Two level preconditioners

The main ingredient of a two level preconditioner is the so-called ‘coarse space’ matrix \(Z\).

\(Z\) is a rectangular matrix of size \(n \times n_c\), where usually \(n_c \ll n\).

\(Z\) is used to build the ‘coarse space operator’ \(E = Z^T A Z\), a square matrix of size \(n_c \times n_c\). We can then define the ‘coarse space correction operator’ \(Q = Z E^{-1} Z^T = Z (Z^T A Z)^{-1} Z^T\), which can then be used to enrich the one level preconditioner through a correction formula. The simplest one is the additive coarse correction: \(M^{-1}_2 = M^{-1}_1 + Q\). See pr#corr below for all other available correction formulas.

There are multiple ways to define a relevant coarse space \(Z\) for different classes of problems. ffddmgeneosetup defines a coarse space correction operator by building the GenEO coarse space, while ffddmcoarsemeshsetup builds the coarse space using a coarse mesh.

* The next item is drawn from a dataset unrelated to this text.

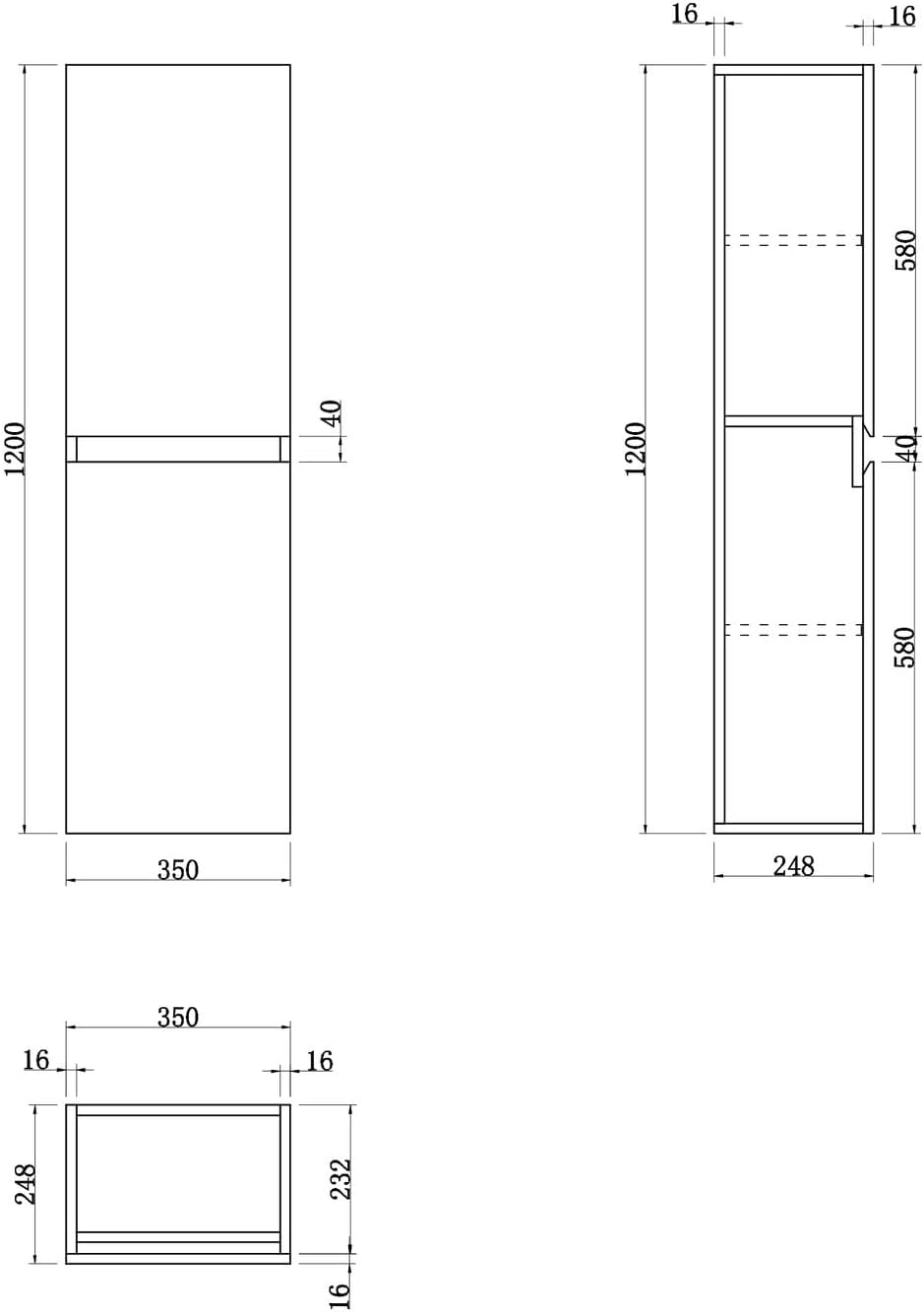 Oak Wall Mounted Tall Bathroom Cabinet Soft Close 2 Door Storage Unit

After a call to either ffddmgeneosetup or ffddmcoarsemeshsetup, the following variables and functions are set up:

  • int pr#ncoarsespace the size of the coarse space \(n_c\).
  • string pr#corr initialized with the value of ffddmcorrection. Specifies the type of coarse correction formula to use for the two level preconditioner. The possible values are:
\[\begin{split}\begin{array}{llllll} \nonumber &&\text{"AD"}:&&\textit{Additive}, \quad &M^{-1} = M^{-1}_2 = \phantom{(I - Q A) }M^{-1}_1\phantom{ (I - A Q)} + Q\\ &&\text{"BNN"}:&&\textit{Balancing Neumann-Neumann}, \quad &M^{-1} = M^{-1}_2 = (I - Q A) M^{-1}_1 (I - A Q) + Q\\ &&\text{"ADEF1"}:&&\textit{Adapted Deflation Variant 1}, \quad &M^{-1} = M^{-1}_2 = \phantom{(I - Q A) }M^{-1}_1 (I - A Q) + Q\\ &&\text{"ADEF2"}:&&\textit{Adapted Deflation Variant 2}, \quad &M^{-1} = M^{-1}_2 = (I - Q A) M^{-1}_1\phantom{ (I - A Q)} + Q\\ &&\text{"RBNN1"}:&&\textit{Reduced Balancing Variant 1}, \quad &M^{-1} = M^{-1}_2 = (I - Q A) M^{-1}_1 (I - A Q)\\ &&\text{"RBNN2"}:&&\textit{Reduced Balancing Variant 2}, \quad &M^{-1} = M^{-1}_2 = (I - Q A) M^{-1}_1\phantom{ (I - A Q)}\\ &&\text{"none"}:&&\textit{no coarse correction}, \quad &M^{-1} = M^{-1}_2 = \phantom{(I - Q A) }M^{-1}_1\phantom{ (I - A Q)}\\ \end{array}\end{split}\]
  • Note that AD, ADEF1 and RBNN2 only require one application of \(Q\), while BNN, ADEF2 and RBNN1 require two. The default coarse correction is ADEF1, which is cheaper and generally as robust as BNN or ADEF2.
  • func pr#prfe#K[int] pr#Q(pr#prfe#K[int] &ui) The function pr#Q computes the parallel application of the coarse correction operator \(Q\), i.e. the action of \(Q = Z E^{-1} Z^T\) on the local vector \(u_i\). In the sequential case, it computes the action of \(Q\) on a global vector. The implementation differs depending on the method used to build the coarse space (with GenEO or using a coarse mesh), but the idea is the same: the action of the transpose of the distributed operator \(Z\) on the distributed vector \(u_i\) is computed in parallel, with the contribution of all subdomains being gathered in a vector of size \(n_c\) in the mpi process of rank 0. The action of the inverse of the coarse space operator \(E\) is then computed by forward-backward substitution using its \(LU\) (or \(LDL^T\)) decomposition previously computed by the first pr#prfe#prmesh#pCS ranks of the mpi communicator. The result is then sent back to all subdomains to perform the last application of \(Z\) and obtain the resulting local vector in each subdomain.
  • func pr#prfe#K[int] pr#PREC2level(pr#prfe#K[int] &ui) The function pr#PREC2level computes the parallel application of the two level preconditioner \(M^{-1}_2\), i.e. the action of \(M^{-1}_2\) on the local vector \(u_i\). In the sequential case, it computes the action of \(M^{-1}_2\) on a global vector. The two level preconditioner depends on the choice of the coarse correction formula which is determined by pr#corr, see above.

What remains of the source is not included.